• _Task statement_: In the entries below, begin at the line with "Photo taken at" and stop after the line with "9ct Yellow gold"; output those lines exactly and omit the pictures.

• _Data for the task_:
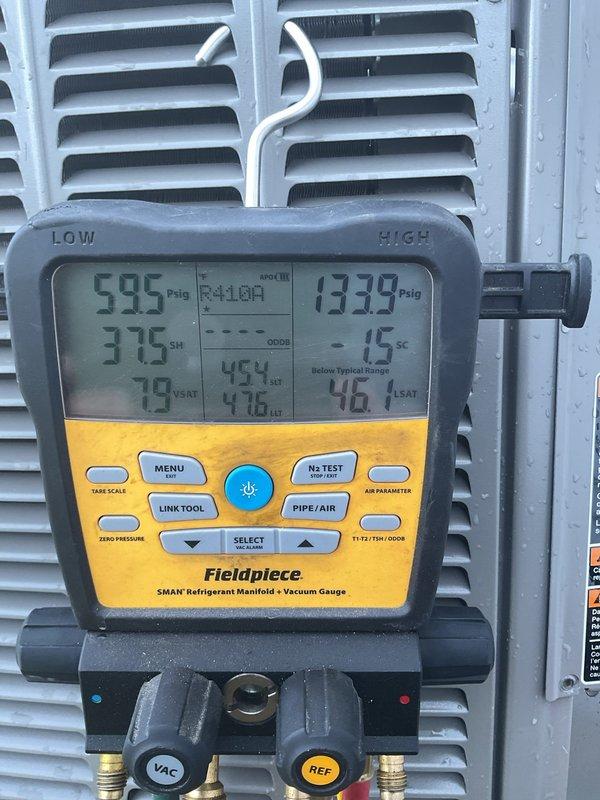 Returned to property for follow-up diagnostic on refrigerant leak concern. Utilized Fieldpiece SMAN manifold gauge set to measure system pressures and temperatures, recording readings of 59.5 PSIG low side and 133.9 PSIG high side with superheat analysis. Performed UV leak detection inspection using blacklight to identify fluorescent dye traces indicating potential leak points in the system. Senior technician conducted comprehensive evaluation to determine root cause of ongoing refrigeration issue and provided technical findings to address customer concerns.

==

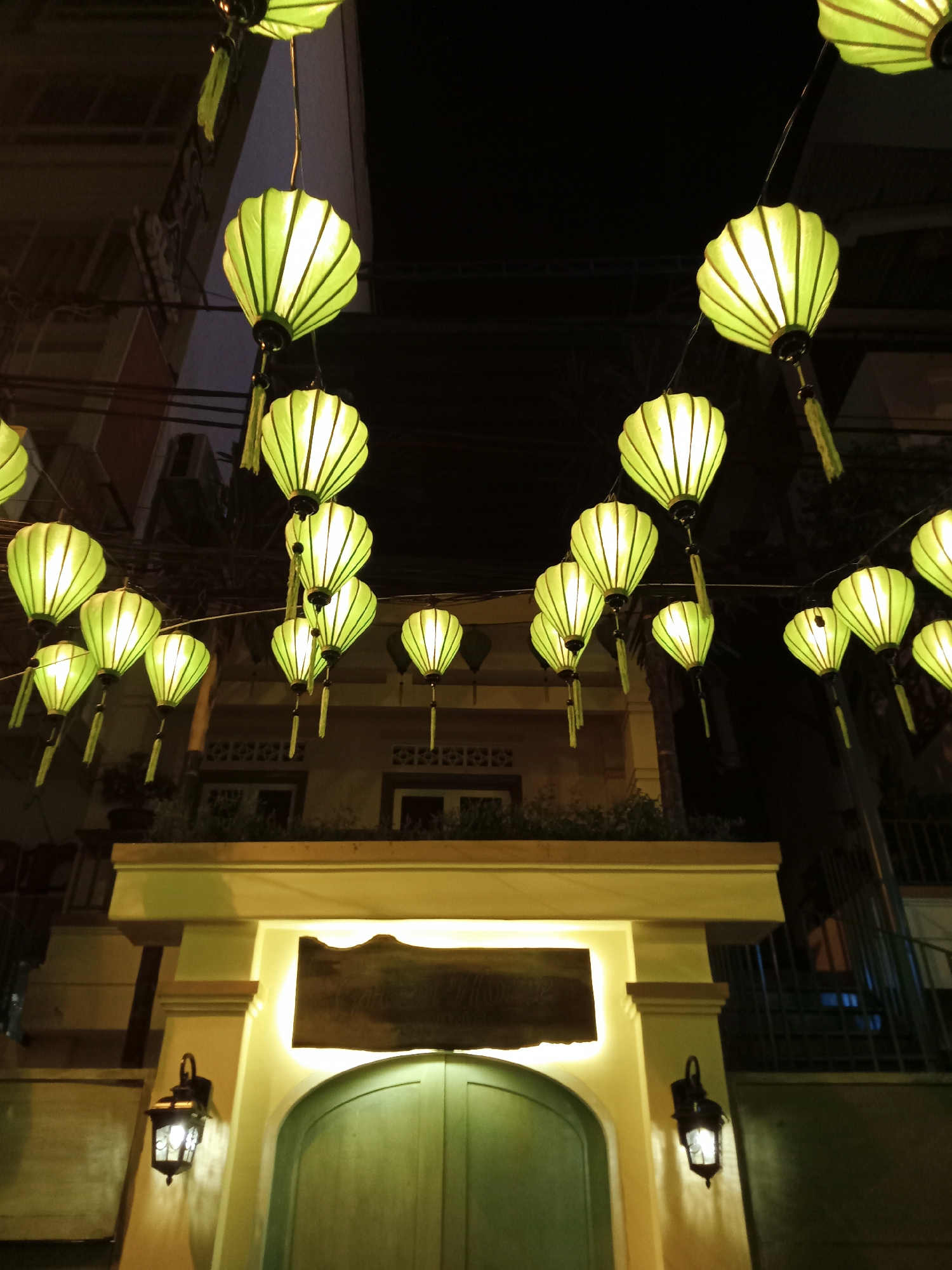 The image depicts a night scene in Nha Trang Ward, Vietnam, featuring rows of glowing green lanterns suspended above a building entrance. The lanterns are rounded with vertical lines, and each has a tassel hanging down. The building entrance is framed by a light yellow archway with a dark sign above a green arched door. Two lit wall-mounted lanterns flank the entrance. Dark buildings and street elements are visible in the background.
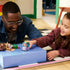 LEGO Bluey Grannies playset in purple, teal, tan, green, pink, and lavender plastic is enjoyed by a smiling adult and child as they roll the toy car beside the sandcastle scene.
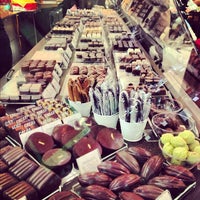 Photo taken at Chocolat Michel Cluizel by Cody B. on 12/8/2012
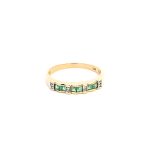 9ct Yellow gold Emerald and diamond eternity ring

--

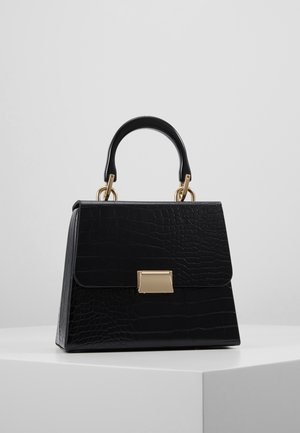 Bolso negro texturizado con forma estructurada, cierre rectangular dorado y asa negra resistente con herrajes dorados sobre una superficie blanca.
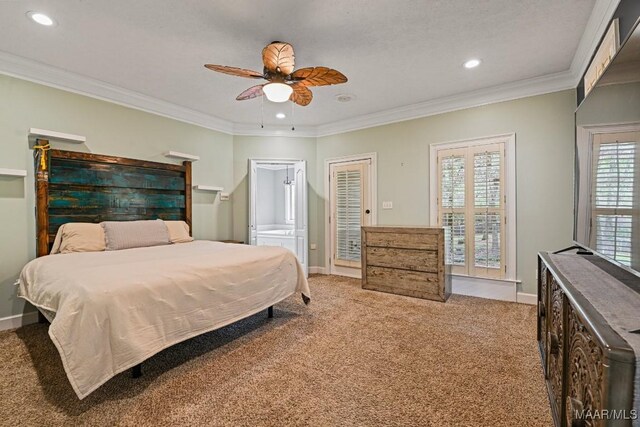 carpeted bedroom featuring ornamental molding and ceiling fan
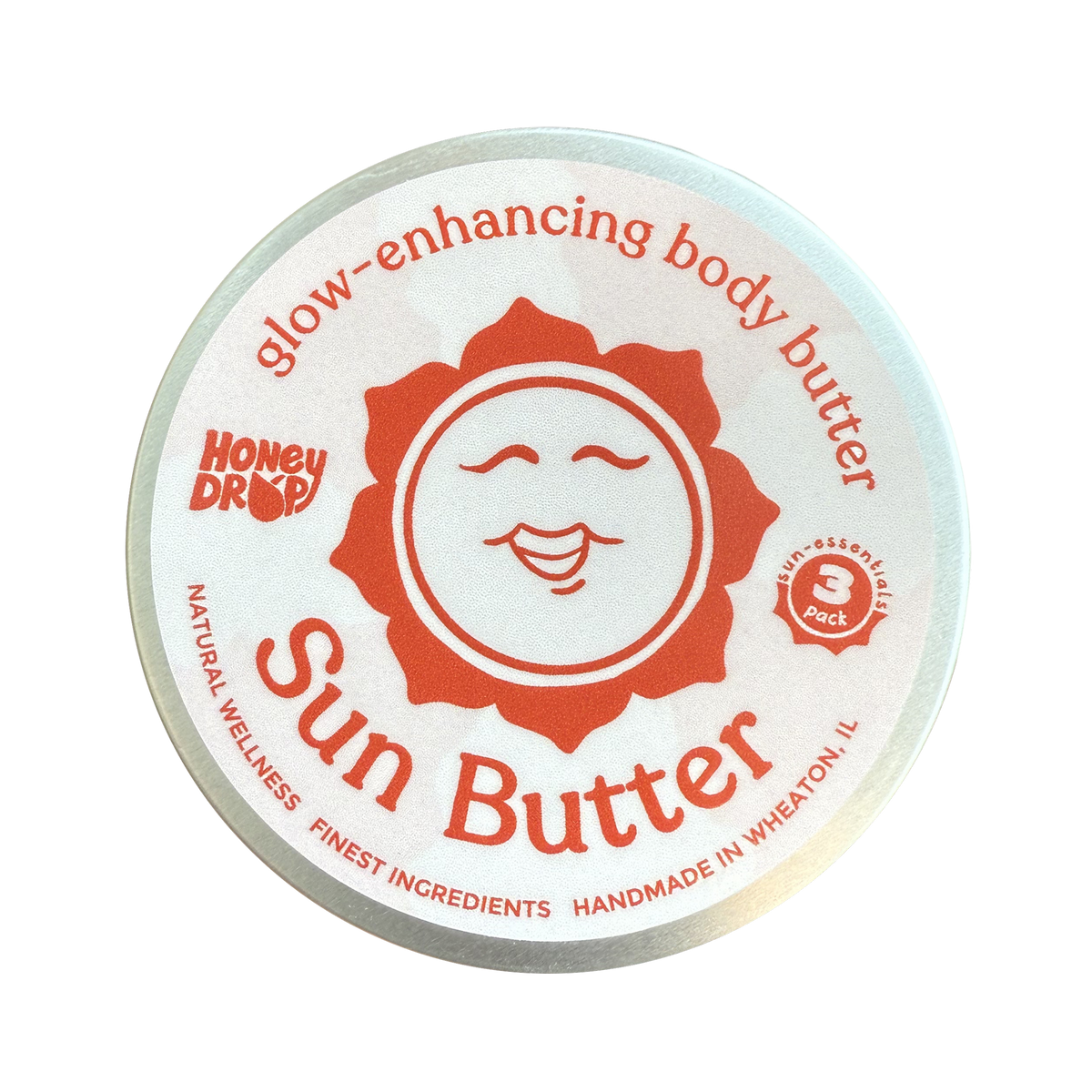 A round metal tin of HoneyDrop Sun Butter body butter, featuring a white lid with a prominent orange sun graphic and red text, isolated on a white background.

• _Reply to the task_:
 Photo taken at Chocolat Michel Cluizel by Cody B. on 12/8/2012
 9ct Yellow gold Emerald and diamond eternity ring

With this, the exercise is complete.